HARRISBURG — Organizations that lobby on behalf of townships and other political bodies could be subject to the state's open records law and forced to publicly share documents that pertain to those associations and state government.

The state's Open Records office ruled that the Pennsylvania State Association of Township Supervisors is a “local agency” and subject to complying with requests for records filed by residents, the media and others. The association filed an appeal in Cumberland County Court.

Should the Open Records office's opinion be upheld, it could require a host of similar associations to open their records and documents to Right to Know requests involving communications between these associations and state government, said John L. Gedid, a professor at Widener Law School.

The Pennsylvania County Commissioners Association, Pennsylvania League of Cities and Municipalities, Pennsylvania Boroughs Association and the Pennsylvania School Boards Association are examples of organizations that could be affected, said Gedid, director of the school's Law and Government Institute.
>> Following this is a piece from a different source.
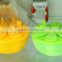 ICM-J020 Plastic ice cream popsicle mold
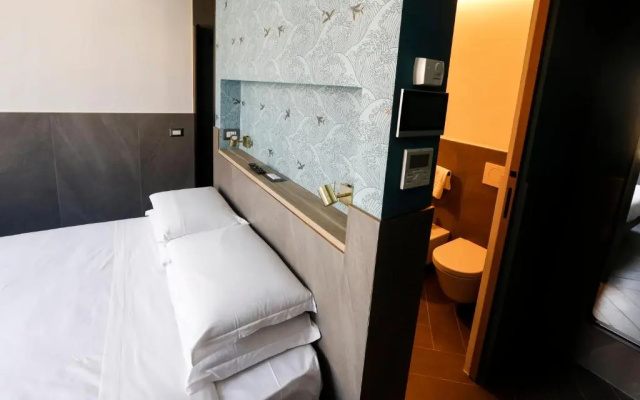 Ottaviano Smart Rooms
“It is quite possible that the court could find that townships are supposed to exchange information with the Legislature, and thus this is an activity directly related to the duties of the townships,” Gedid said.

“Government entities cannot privatize activities to shield (themselves) from the Right to Know Law,” he said. “An argument could be made that the association is used for that purpose, to prevent the public from knowing what the lobbying activities of townships are.”

The decision by the Open Records office was prompted by four Right to Know requests filed in July by Walter Brasch of Bloomsburg.

In a finding issued Sept. 4, Open Records Appeals Officer Benjamin Lorah determined that the association falls under the Right to Know Law as a local agency, because the General Assembly created the association.

The association's appeal said the finding is inconsistent with past decisions by the state Open Records office.

Terry Mutchler, executive director of the state Open Records office, cited an earlier finding by her office that a private organization, the East Stroudsburg University Foundation, falls under Right to Know as supporting Lorah's conclusion on the association. State appellate courts have upheld the East Stroudsburg ruling, she said.

Mutchler said the association couldn't have fallen under the state's old open-records law. But the version in place is “one of the most far reaching” in the country, she said.

Gedid said no matter how a Cumberland County judge rules, the dispute will almost certainly be appealed to higher state courts.

Dan Miller is a staff writer for the Harrisburg Patriot-News.